When you reach the line containing "Coque APPLE iPhone 13 Pro..." in the records below, start copying exactly, and stop once you have copied the line containing "Giro Scamp II image 9".

START Materials provided

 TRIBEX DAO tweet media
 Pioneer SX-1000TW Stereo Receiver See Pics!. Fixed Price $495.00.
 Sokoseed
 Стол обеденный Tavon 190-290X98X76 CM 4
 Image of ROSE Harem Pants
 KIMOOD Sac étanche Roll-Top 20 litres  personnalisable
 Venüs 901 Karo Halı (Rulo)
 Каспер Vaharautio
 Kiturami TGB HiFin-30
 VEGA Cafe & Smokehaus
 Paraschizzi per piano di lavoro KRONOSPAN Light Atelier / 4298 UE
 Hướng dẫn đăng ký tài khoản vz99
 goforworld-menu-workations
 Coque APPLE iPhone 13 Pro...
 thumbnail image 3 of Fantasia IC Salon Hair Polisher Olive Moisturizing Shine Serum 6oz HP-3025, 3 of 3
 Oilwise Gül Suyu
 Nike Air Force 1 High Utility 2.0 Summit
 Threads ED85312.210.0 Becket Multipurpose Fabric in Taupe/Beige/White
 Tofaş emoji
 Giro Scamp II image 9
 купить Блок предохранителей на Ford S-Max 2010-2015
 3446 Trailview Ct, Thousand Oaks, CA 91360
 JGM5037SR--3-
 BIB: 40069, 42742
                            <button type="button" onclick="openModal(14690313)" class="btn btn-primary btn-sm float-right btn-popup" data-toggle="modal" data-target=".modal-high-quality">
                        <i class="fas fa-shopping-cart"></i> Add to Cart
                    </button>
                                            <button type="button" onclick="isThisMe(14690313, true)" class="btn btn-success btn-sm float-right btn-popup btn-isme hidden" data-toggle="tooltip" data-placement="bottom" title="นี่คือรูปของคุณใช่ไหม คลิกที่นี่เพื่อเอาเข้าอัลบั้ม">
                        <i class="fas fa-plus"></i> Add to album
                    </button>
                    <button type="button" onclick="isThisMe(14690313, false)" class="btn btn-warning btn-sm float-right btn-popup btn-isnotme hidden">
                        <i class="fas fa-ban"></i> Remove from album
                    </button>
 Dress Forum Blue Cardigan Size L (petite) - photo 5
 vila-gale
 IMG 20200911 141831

END Materials provided

» **Answer section**
 Coque APPLE iPhone 13 Pro...
 thumbnail image 3 of Fantasia IC Salon Hair Polisher Olive Moisturizing Shine Serum 6oz HP-3025, 3 of 3
 Oilwise Gül Suyu
 Nike Air Force 1 High Utility 2.0 Summit
 Threads ED85312.210.0 Becket Multipurpose Fabric in Taupe/Beige/White
 Tofaş emoji
 Giro Scamp II image 9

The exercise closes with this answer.